Friday, July 18, 2014

The city ain't a single block: the problem of place in Legend of Korra S1

Look. I know the first season of Avatar: The Legend of Korra was kind of a train wreck. This is old news. A slew of pacing problems compounded with a perfectly misplaced love triangle, and the result was an incoherent mess that didn't address its own central theme of class-based oppression and retribution. That's old news, but it's still there, like a scab that never quite got clean.

So let's pick at it.

Avatar: The Last Airbender was, among other things, a show about travel. Every episode had us in a different part of the world, with new and magnificent sights to see and explore, and that wonder of exploration suffused the show right until the end. A new episode of Avatar promised to take us somewhere fresh and new, or later on, to return to an old, familiar place changed by war.

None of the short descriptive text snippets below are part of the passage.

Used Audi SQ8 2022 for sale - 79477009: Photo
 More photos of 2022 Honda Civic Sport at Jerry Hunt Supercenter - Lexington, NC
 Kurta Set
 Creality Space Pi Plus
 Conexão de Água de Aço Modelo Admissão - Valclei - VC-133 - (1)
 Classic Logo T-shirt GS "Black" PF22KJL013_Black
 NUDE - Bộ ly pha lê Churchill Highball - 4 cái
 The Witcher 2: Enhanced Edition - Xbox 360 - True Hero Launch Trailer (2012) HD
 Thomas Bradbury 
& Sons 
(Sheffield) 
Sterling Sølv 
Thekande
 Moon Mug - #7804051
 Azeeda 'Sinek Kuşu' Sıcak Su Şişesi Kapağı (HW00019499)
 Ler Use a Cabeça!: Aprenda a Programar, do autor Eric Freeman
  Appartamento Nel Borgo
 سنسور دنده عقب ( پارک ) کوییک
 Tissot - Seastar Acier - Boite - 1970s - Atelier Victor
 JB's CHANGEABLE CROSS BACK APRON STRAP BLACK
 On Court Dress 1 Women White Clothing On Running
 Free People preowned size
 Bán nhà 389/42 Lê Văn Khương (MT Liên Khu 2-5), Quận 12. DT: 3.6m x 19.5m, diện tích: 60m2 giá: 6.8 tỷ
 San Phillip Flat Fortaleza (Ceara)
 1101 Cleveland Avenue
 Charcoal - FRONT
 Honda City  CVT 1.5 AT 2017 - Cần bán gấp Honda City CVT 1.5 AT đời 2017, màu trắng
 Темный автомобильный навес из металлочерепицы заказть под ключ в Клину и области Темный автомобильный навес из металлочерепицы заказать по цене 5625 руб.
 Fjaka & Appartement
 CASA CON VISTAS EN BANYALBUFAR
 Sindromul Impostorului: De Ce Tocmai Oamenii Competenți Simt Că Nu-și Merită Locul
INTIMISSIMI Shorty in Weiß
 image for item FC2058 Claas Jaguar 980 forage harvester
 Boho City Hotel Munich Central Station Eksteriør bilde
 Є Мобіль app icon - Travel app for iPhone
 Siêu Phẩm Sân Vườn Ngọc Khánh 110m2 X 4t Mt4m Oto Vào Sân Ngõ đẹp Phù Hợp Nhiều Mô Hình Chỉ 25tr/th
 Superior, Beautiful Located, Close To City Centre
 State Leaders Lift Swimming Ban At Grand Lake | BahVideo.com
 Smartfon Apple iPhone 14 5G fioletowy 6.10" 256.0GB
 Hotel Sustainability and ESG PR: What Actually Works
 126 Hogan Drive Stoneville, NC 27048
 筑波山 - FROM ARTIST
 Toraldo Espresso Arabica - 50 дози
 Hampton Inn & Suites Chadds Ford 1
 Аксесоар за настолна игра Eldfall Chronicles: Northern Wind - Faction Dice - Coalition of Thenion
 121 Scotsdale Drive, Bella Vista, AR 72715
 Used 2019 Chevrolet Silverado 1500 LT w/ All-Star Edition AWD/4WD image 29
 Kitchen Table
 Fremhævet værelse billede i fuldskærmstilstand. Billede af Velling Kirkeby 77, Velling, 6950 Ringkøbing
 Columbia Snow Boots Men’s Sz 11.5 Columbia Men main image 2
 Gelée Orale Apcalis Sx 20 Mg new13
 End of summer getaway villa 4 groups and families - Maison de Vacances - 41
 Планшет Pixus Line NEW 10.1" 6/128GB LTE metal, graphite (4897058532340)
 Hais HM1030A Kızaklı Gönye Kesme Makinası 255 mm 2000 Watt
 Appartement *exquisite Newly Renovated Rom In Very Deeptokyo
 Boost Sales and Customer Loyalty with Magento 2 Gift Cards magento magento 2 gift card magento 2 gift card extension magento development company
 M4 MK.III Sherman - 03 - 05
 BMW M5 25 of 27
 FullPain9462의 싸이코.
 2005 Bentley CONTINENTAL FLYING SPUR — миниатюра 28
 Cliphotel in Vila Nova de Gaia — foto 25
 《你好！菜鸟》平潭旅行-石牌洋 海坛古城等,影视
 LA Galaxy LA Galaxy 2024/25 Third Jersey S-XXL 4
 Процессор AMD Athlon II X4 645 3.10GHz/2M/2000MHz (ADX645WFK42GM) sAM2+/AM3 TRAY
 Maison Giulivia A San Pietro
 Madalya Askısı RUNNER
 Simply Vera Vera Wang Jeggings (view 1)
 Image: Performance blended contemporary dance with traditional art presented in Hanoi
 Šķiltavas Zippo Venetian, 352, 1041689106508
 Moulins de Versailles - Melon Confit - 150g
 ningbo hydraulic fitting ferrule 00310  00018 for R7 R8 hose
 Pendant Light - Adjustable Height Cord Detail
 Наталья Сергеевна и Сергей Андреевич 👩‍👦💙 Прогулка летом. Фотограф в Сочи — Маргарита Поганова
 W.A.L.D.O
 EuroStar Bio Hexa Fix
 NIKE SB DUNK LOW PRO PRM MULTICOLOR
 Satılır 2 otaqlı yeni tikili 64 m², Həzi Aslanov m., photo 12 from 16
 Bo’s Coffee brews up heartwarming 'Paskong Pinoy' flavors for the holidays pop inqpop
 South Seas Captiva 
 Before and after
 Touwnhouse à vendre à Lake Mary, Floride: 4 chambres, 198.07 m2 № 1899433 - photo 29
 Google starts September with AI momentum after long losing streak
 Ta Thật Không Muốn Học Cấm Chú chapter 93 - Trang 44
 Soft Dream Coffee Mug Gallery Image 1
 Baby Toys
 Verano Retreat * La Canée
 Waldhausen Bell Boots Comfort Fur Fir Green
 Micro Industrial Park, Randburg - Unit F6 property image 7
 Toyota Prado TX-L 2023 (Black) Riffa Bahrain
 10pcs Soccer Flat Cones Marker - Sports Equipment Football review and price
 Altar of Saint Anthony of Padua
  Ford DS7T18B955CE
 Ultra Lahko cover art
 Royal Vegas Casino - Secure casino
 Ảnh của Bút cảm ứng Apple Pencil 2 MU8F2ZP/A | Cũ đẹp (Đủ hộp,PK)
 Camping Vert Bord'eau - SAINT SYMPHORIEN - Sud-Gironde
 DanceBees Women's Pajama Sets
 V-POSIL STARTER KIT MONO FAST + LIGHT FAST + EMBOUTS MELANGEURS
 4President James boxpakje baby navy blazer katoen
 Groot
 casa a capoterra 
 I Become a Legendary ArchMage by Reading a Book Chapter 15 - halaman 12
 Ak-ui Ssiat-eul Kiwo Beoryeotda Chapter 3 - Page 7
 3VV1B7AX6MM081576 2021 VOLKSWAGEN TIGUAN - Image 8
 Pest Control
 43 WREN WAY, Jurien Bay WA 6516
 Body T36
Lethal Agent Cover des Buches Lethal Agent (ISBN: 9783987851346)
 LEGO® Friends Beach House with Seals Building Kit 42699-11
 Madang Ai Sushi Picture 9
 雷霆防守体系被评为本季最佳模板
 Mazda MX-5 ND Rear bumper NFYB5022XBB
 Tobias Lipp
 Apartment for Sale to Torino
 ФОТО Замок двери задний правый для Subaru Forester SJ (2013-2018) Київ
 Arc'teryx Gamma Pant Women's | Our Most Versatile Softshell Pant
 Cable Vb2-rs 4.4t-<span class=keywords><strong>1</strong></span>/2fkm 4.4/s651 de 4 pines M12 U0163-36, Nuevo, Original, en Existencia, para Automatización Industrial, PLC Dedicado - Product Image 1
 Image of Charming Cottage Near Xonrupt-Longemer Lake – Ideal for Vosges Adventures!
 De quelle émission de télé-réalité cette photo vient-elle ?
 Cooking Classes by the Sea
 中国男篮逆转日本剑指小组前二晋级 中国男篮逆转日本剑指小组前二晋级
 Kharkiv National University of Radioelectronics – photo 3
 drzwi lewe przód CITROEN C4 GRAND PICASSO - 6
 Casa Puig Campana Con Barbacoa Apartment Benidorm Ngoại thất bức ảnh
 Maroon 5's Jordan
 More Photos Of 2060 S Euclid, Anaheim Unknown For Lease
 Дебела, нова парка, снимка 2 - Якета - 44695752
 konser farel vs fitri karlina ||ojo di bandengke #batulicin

The first few episodes of Legend of Korra seemed to follow up on that promise. The first few episodes introduce us to Republic City, a booming industrial metropolis dripping with 1880s New York nostalgia. Though everything was much closer together than before, the feeling was the same. There were places to explore! People to meet! Adventures to be had!

And then it stopped.

There were still adventures going on, still new people to meet, but what had happened to that sense of wonder? Why did it suddenly feel like the city was just one big sandbox where one little building might as well be any other?

Because the show started treating it like that.

In real life, large cities are not monoliths. From neighborhood to neighborhood, block to block, architecture varies, income varies, culture varies. In its own way a city is as diverse as the wilderness of the original Avatar, just more compact. And, more to the point of Korra's central conflict, stratified by class.

By flattening out Republic City, making one neighborhood the same as the next, the first season of Korra fails to depict the unstable and stratified society on which its conflict rests. It's not the show's biggest fault, but with it comes the loss of that sense of exploration and wonder I miss so much from the original Avatar.